Calculation of the black hole horizon's surface

[PhysiSmo]

Hi everyone!

I'm looking for a way to calculate the horizon's surface for an arbitrary black hole in more than 4 dimensions. For example, if one has a metric of the form

$$ds^2=A(r)dt^2+B(r)dr^2+C(r)d\Omega_d^2,$$

where $$A(r),B(r),C(r)$$ various functions and $$d$$ the spacetime dimension, how can one calculate the surface of the horizon, given that the horizon is at position $$r=r_0.$$

Such cases occur in supersymmetric generalizations of various black holes (extremal Reissner Nordstrom for example) in more dimensions, say, 5.

Thank you in advance!

 

[Jonathan Scott]

Hi everyone!

I'm looking for a way to calculate the horizon's surface for an arbitrary black hole in more than 4 dimensions. For example, if one has a metric of the form

$$ds^2=A(r)dt^2+B(r)dr^2+C(r)d\Omega_d^2,$$

where $$A(r),B(r),C(r)$$ various functions and $$d$$ the spacetime dimension, how can one calculate the surface of the horizon, given that the horizon is at position $$r=r_0.$$

Such cases occur in supersymmetric generalizations of various black holes (extremal Reissner Nordstrom for example) in more dimensions, say, 5.

Thank you in advance!

If by "surface" you mean the boundary of the sphere, that has a 2-D area for ordinary 3-D space, but a 3-D volume for a 4-D space and so on.

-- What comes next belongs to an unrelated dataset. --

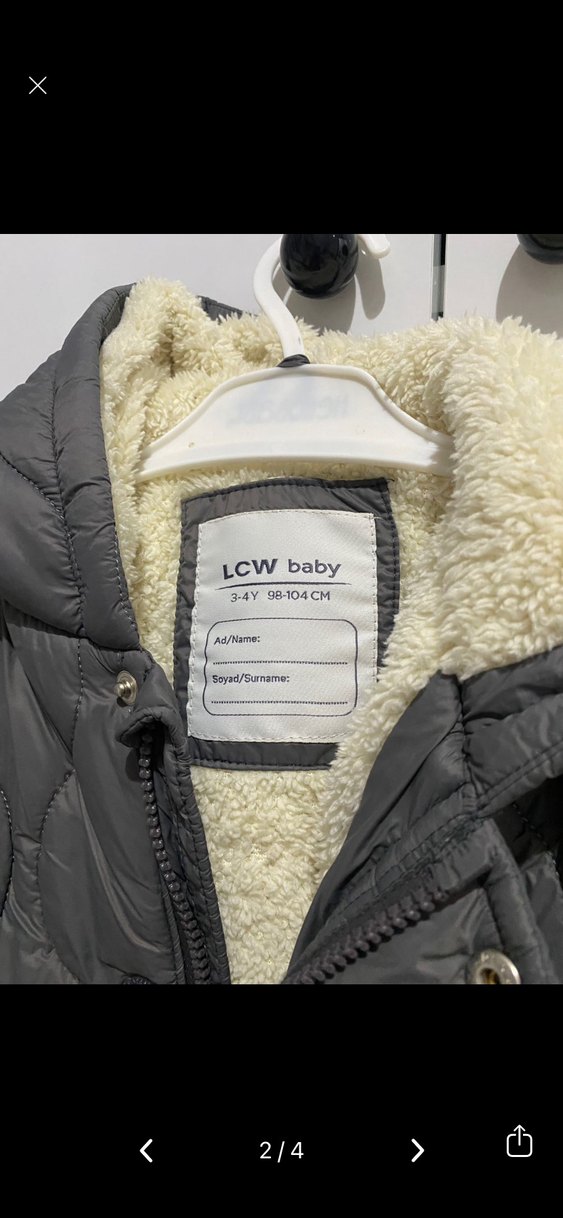 Gri Erkek Çocuk Kürklü Mont - Görsel 2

I'll assume that the tangential part should have been notated as $C(r) r^2 d\Omega_d^2$ as in that case all of the metric factors are dimensionless and typically start from 1 at a distance.

In the above metric, for the ordinary static 3-D space plus time case, I think that only the term $C(r_0) r^2$ matters. The square root of this is the effective radius multiplied by the tangential metric, so all we have to do to get the surface is substitute that square root expression into the standard formula for the surface area of a sphere.

I'd guess (somewhat optimistically, perhaps) that if you substitute $(\sqrt{C(r_0)} r_0)$ into the formula for the boundary of a higher dimensional sphere, that would give the corresponding result. For example, if the boundary of a sphere in 4-dimensional space is $2 \pi^2 r^3$ (which I vaguely remember it might well be) then the surface in this case would be $2 \pi^2 C(r_0)^{3/2} {r_0}^3}$.

However, I'm really out of my depth here, so I can only hope that the above vague ideas might be useful.

 

[PhysiSmo]

Thank you for your answer! The formula you provided is pretty correct, it passed many tests including 4d and 5d Schwarschild, Reissner Nordstrom, Supersymmetric generalizations of etc. So I guess that it should be correct.

Any ideas where does this formula come from? Why lim(r-->r_0) [sqrt{C(r)}r] is the effective radius?

 

[Jonathan Scott]

Thank you for your answer! The formula you provided is pretty correct, it passed many tests including 4d and 5d Schwarschild, Reissner Nordstrom, Supersymmetric generalizations of etc. So I guess that it should be correct.

Any ideas where does this formula come from? Why lim(r-->r_0) [sqrt{C(r)}r] is the effective radius?

That's just geometry. To measure the surface using local rulers, you take the surface measured in coordinate space then and adjust each r factor by the tangential component of the metric. I can visualise that for 3-D space, but for higher dimensions I just have to blindly trust the mathematics, so I hope that's right!